The variables we choose here are:

x = horizontal position of pendulum mass
y = vertical position of pendulum mass
θ = angle of pendulum (0=vertical downwards, counter-clockwise is positive)
L = length of rod (constant)

We place the origin at the pivot point of the upper pendulum. We regard y as increasing upwards. We indicate the upper pendulum by subscript 1, and the lower by subscript 2. Begin by using simple trigonometry to write expressions for the positions x₁, y₁, x₂, y₂ in terms of the angles θ₁,θ₂.

x₁ = L₁ sin θ₁
y₁ = -L₁ cos θ₁
x₂ = x₁ + L₂ sin θ₂
y₂ = y₁ - L₂ cos θ₂

The velocity is the first derivative of the position.

x₁' = θ₁' L₁ cos θ₁
y₁' = θ₁' L₁ sin θ₁
x₂' = x₁' + θ₂' L₂ cos θ₂
y₂' = y₁' + θ₂' L₂ sin θ₂

The acceleration is the first derivative of the position.

x₁'' = -θ₁'² sin θ₁ + θ₁'' L₁ cos θ₁    (eqn 1)
y₁'' = θ₁'² L₁ cos θ₁ + θ₁'' L₁ sin θ₁    (eqn 2)
x₂'' = x₁'' - θ₂'² L₂ sin θ₂ + θ₂'' L₂ cos θ₂    (eqn 3)
y₂'' = y₁'' + θ₂'² L₂ cos θ₂ + θ₂'' L₂ sin θ₂    (eqn 4)

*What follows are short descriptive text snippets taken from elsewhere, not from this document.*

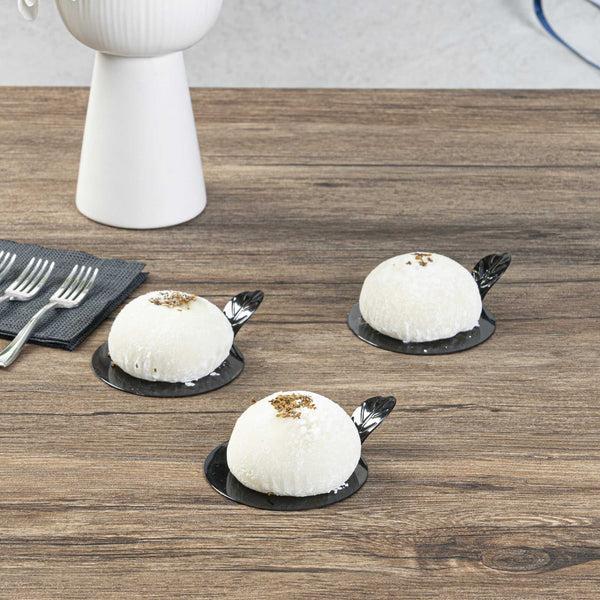 Restaurantware Pastry Tek Round Black Plastic Pastry Pallet - 3" X 3" X 1" - 100 Count Box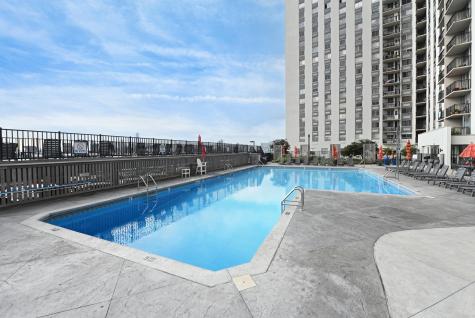 100 Manhattan Avenue Union City NJ 07087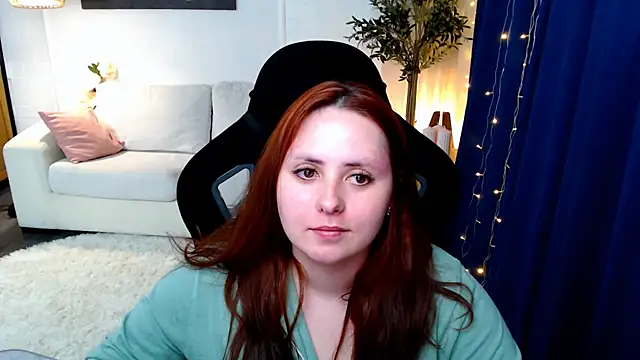 Hennessy_bunny webcam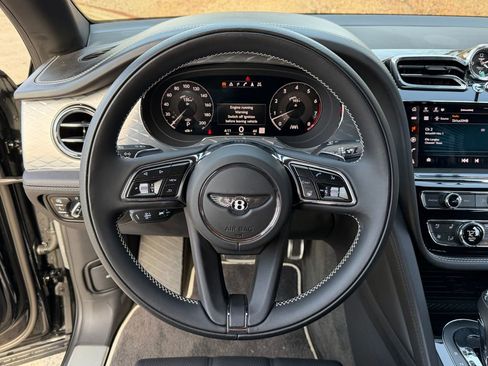 Used 2023 Bentley Bentayga Speed image 18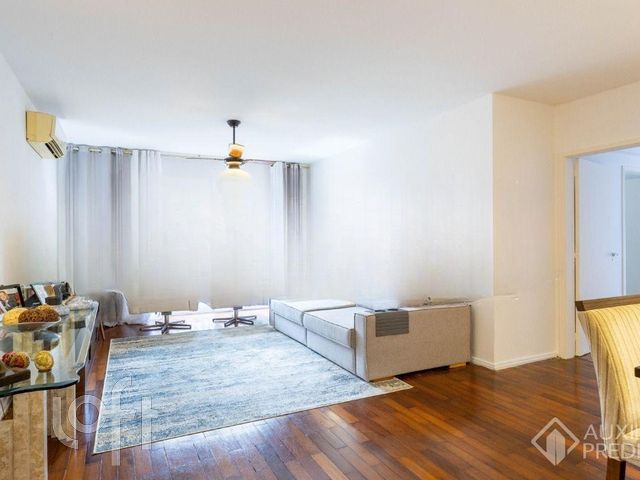 Apartamento com 121m², 3 dormitórios, 1 suíte, 1 vaga, Higienópolis em Porto Alegre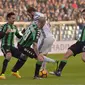 Gonzalo Higuain (tengah) dihadang pemain Sassuolo Leonardo Fontanesi, Paolo Cannavaro dan Luca Mazzitelli. (AFP / GIUSEPPE CACACE)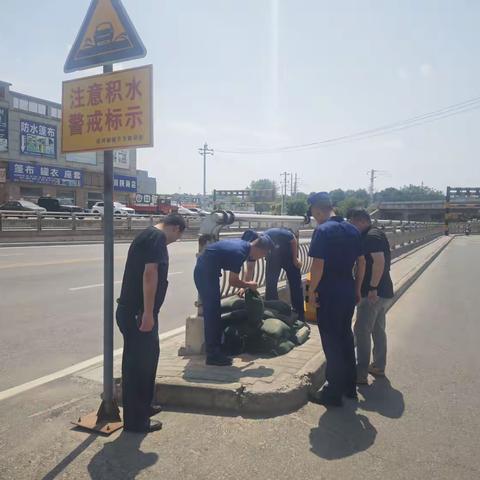 原点小型站联合高庄镇应急办深入辖区积水点和易滑坡部位进行联合检查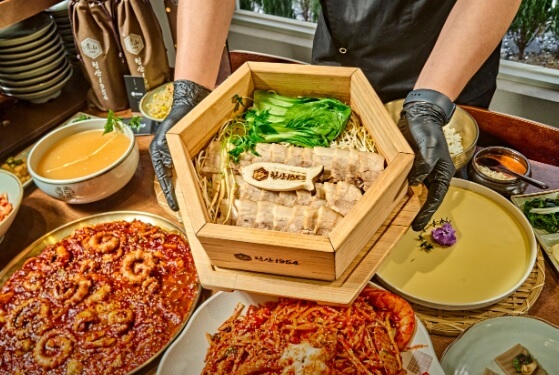 생생정보 고수의 부엌 부산 광안리 낙지볶음과 편백보쌈 맛집 부산 청산 1954 광안리 본점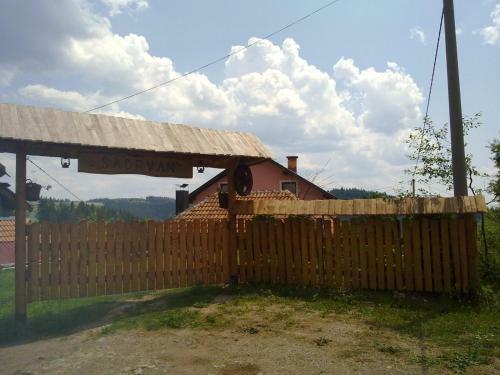 Lodge Guesthouse Sadrvan Ravne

Forces in the Double Pendulum

We treat the two pendulum masses as point particles. Begin by drawing the free body diagram for the upper mass and writing an expression for the net force acting it.

The variables are as follows

T = tension in the rod
m = mass of pendulum
g = gravitational constant

The forces on the upper pendulum mass are the tension in the upper rod T₁, the tension in the lower rod T₂, and gravity -m₁ g. We write separate equations for the horizontal and vertical forces, since they can be treated independently. The net force on the cart is the sum of these. Here we show the net force and use Newton's law F = m a.

m₁ x₁'' = -T₁ sin θ₁ + T₂ sin θ₂ (eqn 5)
m₁ y₁'' = T₁ cos θ₁ - T₂ cos θ₂ - m₁ g (eqn 6)

For the lower pendulum, the forces are the tension in the lower rod T₂, and gravity -m₂ g.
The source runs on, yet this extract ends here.